Brief: Write out exactly the lines from the one containing "No Boundaries Jeans" to the end of the material, both ends included, and nothing else. Leave pictures out.

***

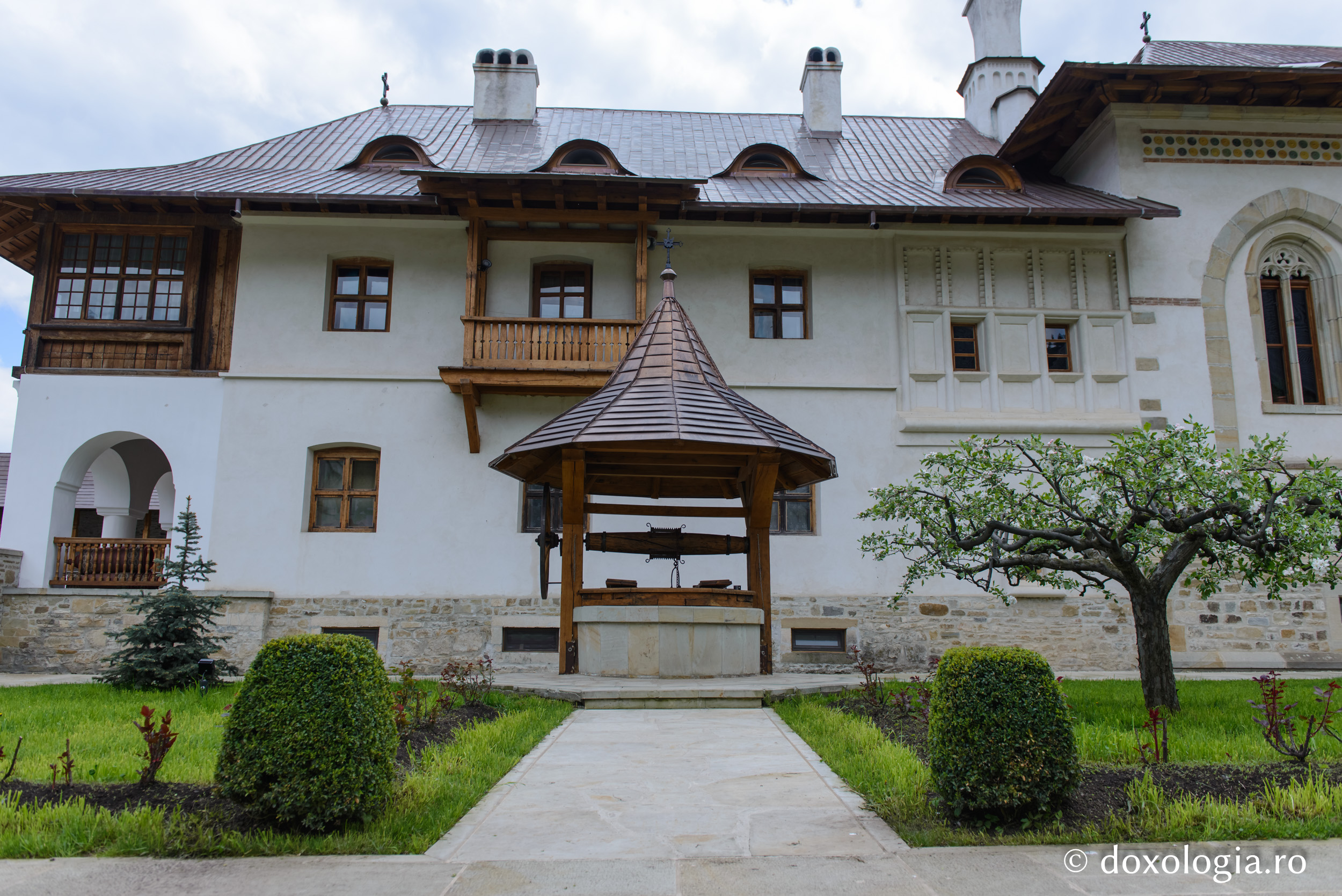 (Foto) Fântâna Sfântului Iacob Putneanul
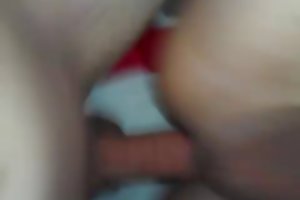 Latina baise dans la voiture enregistrée par son petit ami par surprise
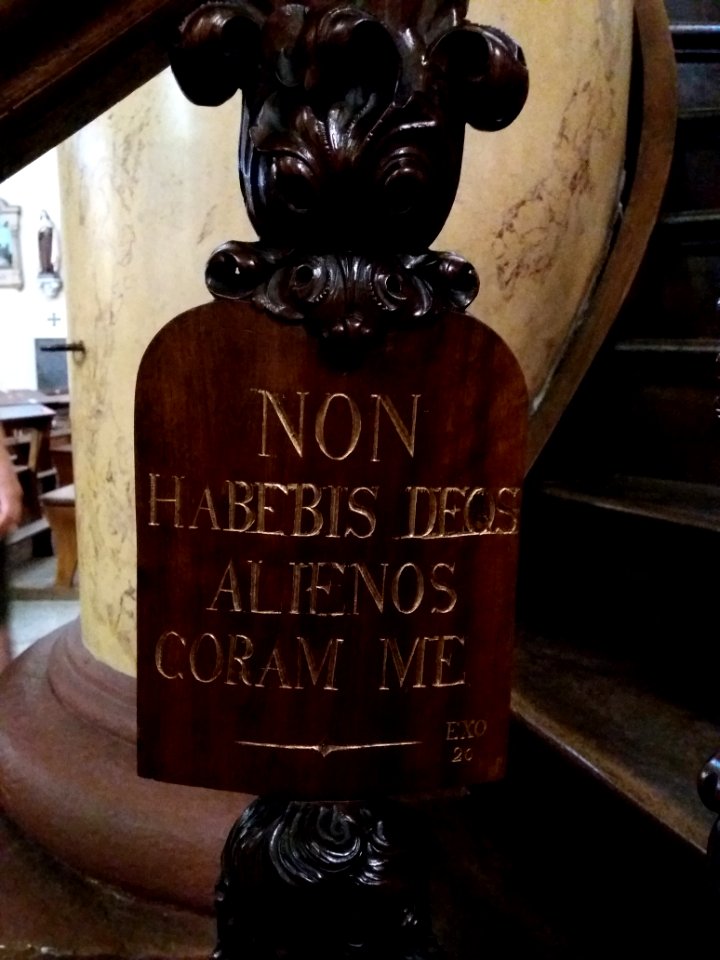 Amplepuis - Église Saint Pothin - Chaire - Dix commandements de Dieu (01)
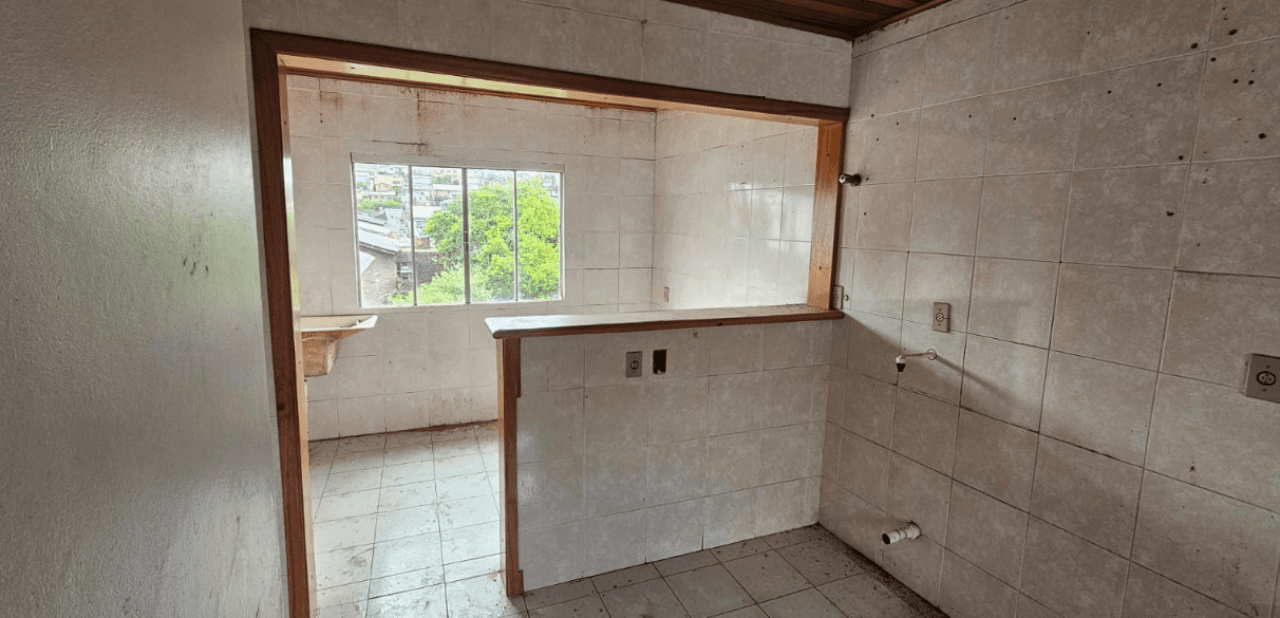 Foto 38 de 41: Casa em leilão em Caxias Do Sul - RS, bairro Esplanada — DUAS CASAS SOBRE UM TERRENO DE 300m² EM CAXIAS DO SUL/RS (DESOCUPADO)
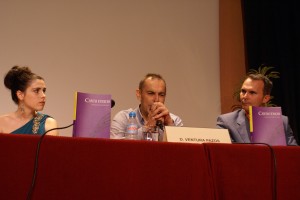 Ventura Pazos en la presentación del libro junto a su hija, Clara Pazos, y el editor, Manuel Márquez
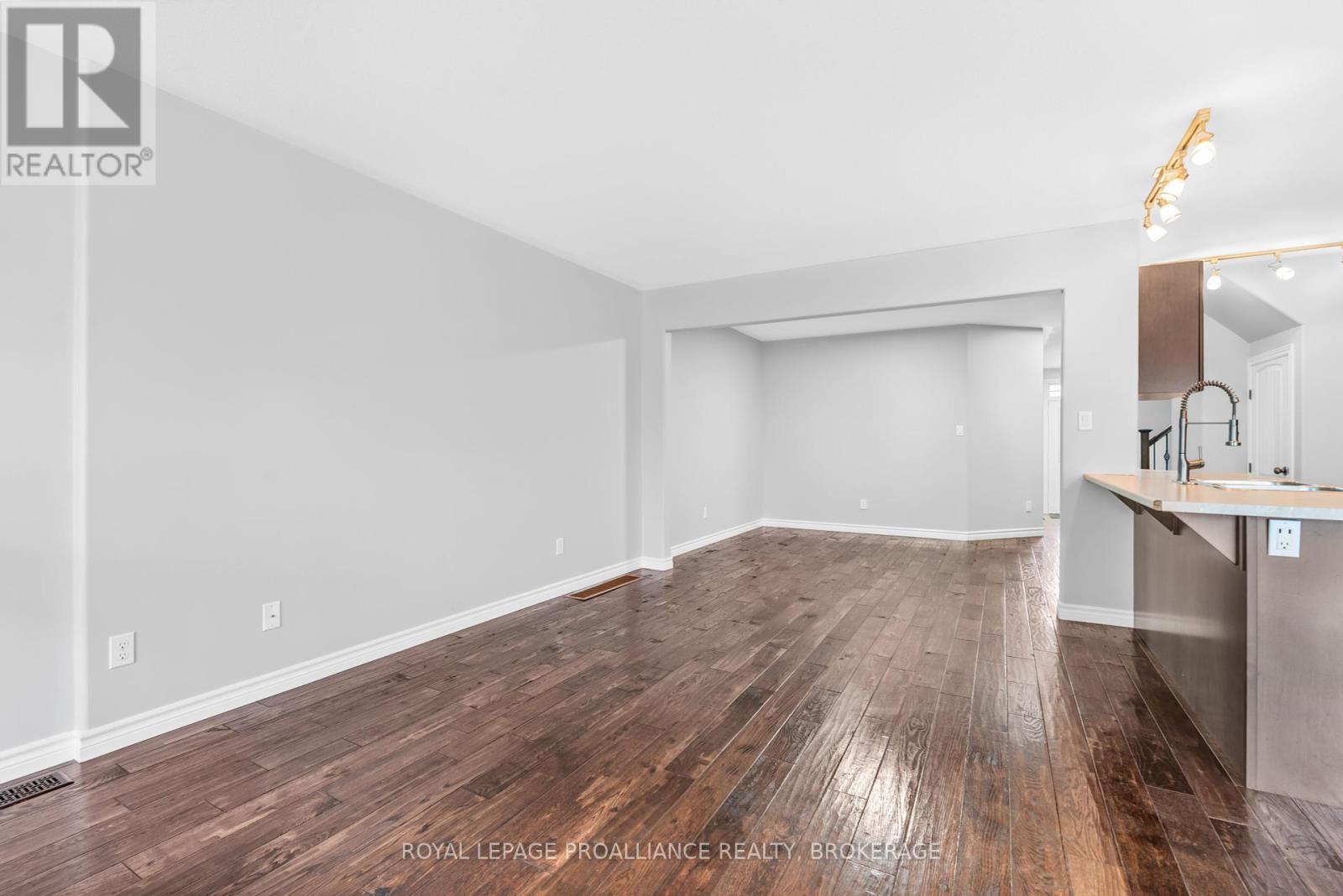 1584 Davenport Crescent, Kingston, Ontario  K7P 0H5 - Photo 11 - X12354415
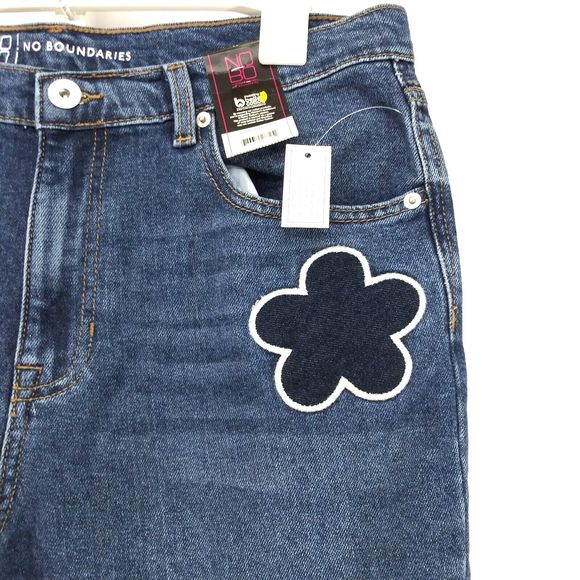 No Boundaries Jeans Womens Juniors Size 15 Blue High Rise Tapered Style Leg - Picture 6 of 11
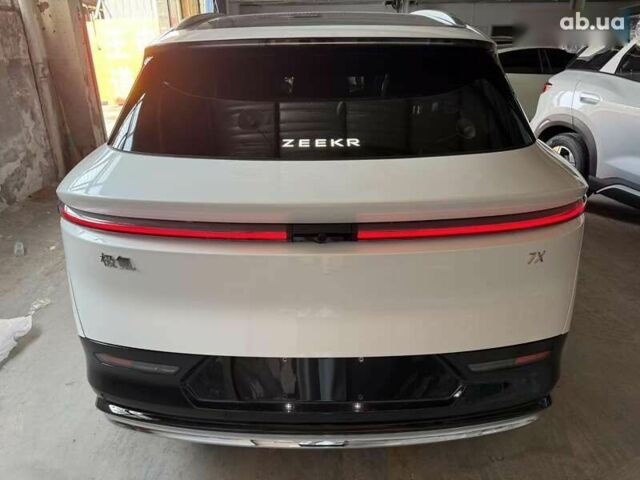 Zeekr 7X 2025 в Львове на Automoto.ua Zeekr 7X, объемом двигателя 0 л и пробегом 1 тыс. км за 41700 $, фото 3 на Automoto.ua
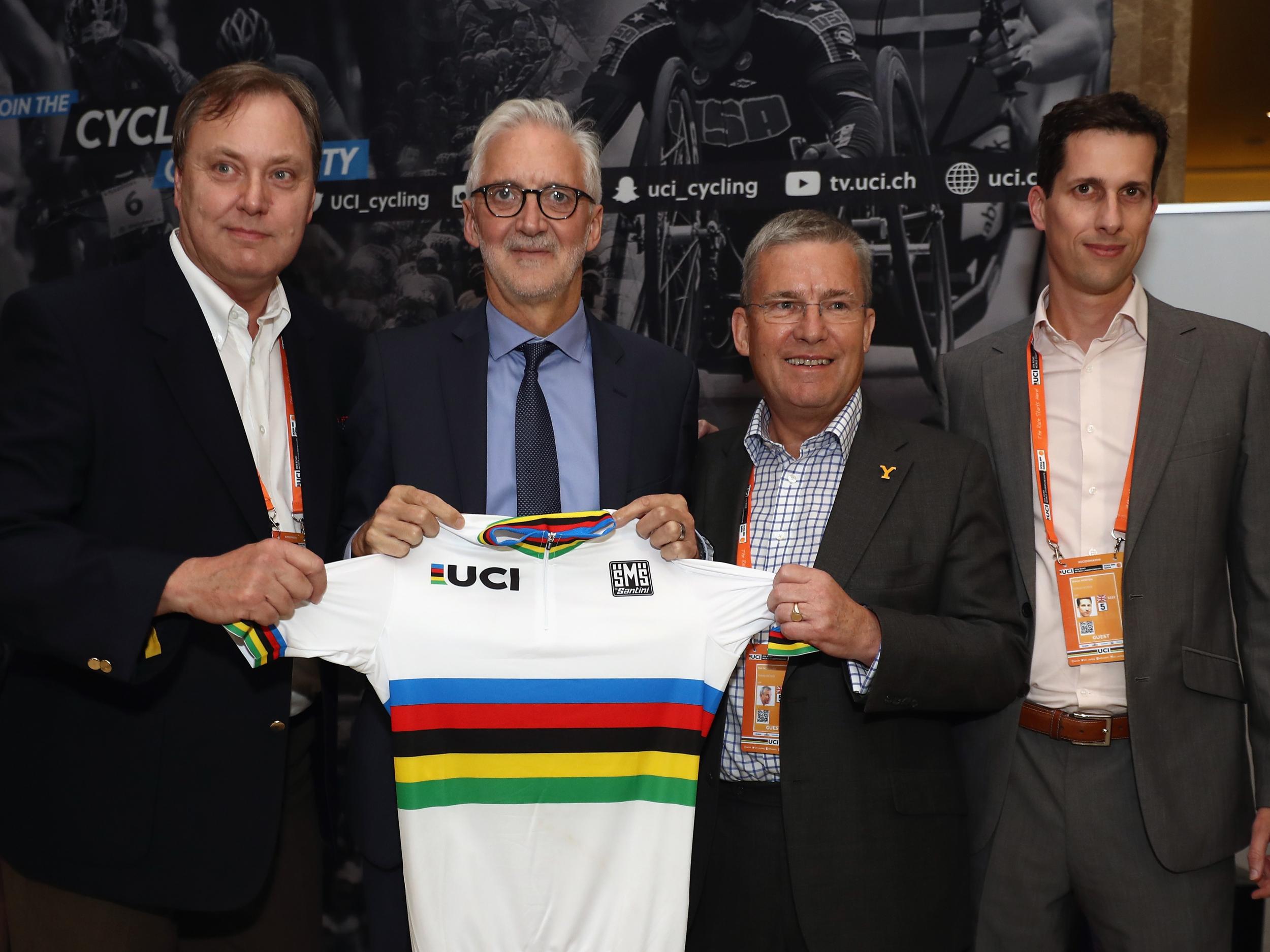 Bob Howden (L) will continue as president of British Cycling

***

Exercise result:
 No Boundaries Jeans Womens Juniors Size 15 Blue High Rise Tapered Style Leg - Picture 6 of 11
 Zeekr 7X 2025 в Львове на Automoto.ua Zeekr 7X, объемом двигателя 0 л и пробегом 1 тыс. км за 41700 $, фото 3 на Automoto.ua
 Bob Howden (L) will continue as president of British Cycling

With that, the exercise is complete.